On 02/24/2011 04:25 AM, Richard Druce wrote:
> I have a question on the general best practice and speed between of
> using  tokens vs rules to construct parts of the grammar. Our language
> has many phrases that share words, a simplified sample being 'first'
> and 'first second'.  Would I be better off putting them in as tokens
> or rules from a speed of parsing perspective. Some of my tokens also
> contain whitespace.
>
> i.e
> rule1: FIRST;
> 
> rule2: FIRST WS SECOND;
> 
> FIRST: 'first';
> SECOND: 'second'
> 
> WS: ' ';
> 
> or
> 
> rule1: RULE1;
> 
> rule2: RULE2;
> 
> RULE1: 'first second';
> 
> RULE2: 'first';
> 
> Thanks,
> 
> Richard

Richard,
	The answer to your question has to do with the answer to these questions:

	How much whitespace is allowed between 'first' and 'second'?

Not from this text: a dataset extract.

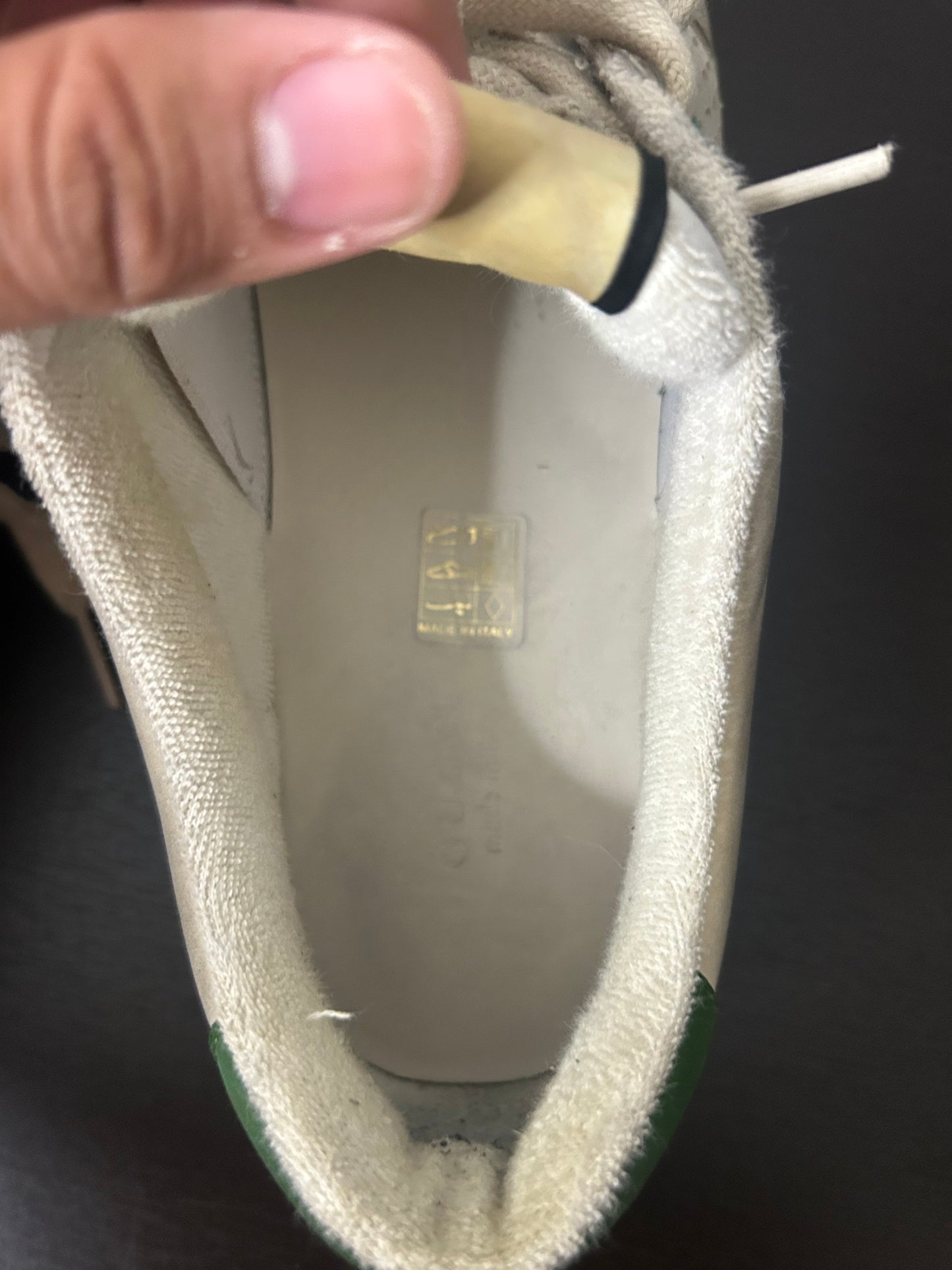 Gucci White Leather Screener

	If the answer is "exactly 1 space", then your second method could
suffice.  If the answer is more than 1, then your first example could
work, depending on what else might be allowed.  Do you have any tokens
in your language that you either SKIP() or send to the HIDDEN channel?
If so, WS should be one of them, and then you don't care what comes
between FIRST and SECOND.

(You *will* run into more ambiguity problems if you don't code your
lexer rules correctly in the second case.)

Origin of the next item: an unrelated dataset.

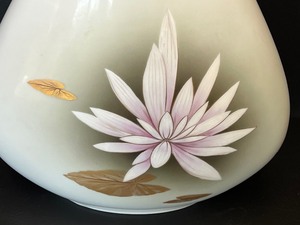 lot 24 image: Vintage H & Co Selb Bavaria Heinrich Vase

	If your language allows inline comments, could you put a comment
between the 'first' and 'second' token?  How about a NL?  How about a TAB?

	In most languages, whitespace is considered a delimter, or a separator.
 It is only required in those cases where it is necessary to keep the
lexer from over lexing various keywords or identifier names, or numbers.
 Otherwise, they can be ignored.  When I write compiler front-ends, I
usually IGNORE (skip) whitespace in my grammar and let the lexer lex
what it finds for tokens and just parse the tokens it returns.  The only
notable exceptions I've run into is things like pre-processor directives
which need to be recognized and acted upon at the time the lexer finds
them, and not put them into the parsers token stream.  To that end, I
never put WS tokens in my parser rules (only LEXER rules).

	The simple answer is:  Put into tokens only what your parser expects to
see and still be able to parser the language correctly.

-- 
Kevin J. Cummings
kjchome at verizon.net
cummings at kjchome.homeip.net
cummings at kjc386.framingham.ma.us
Registered Linux User #1232 (http://counter.li.org)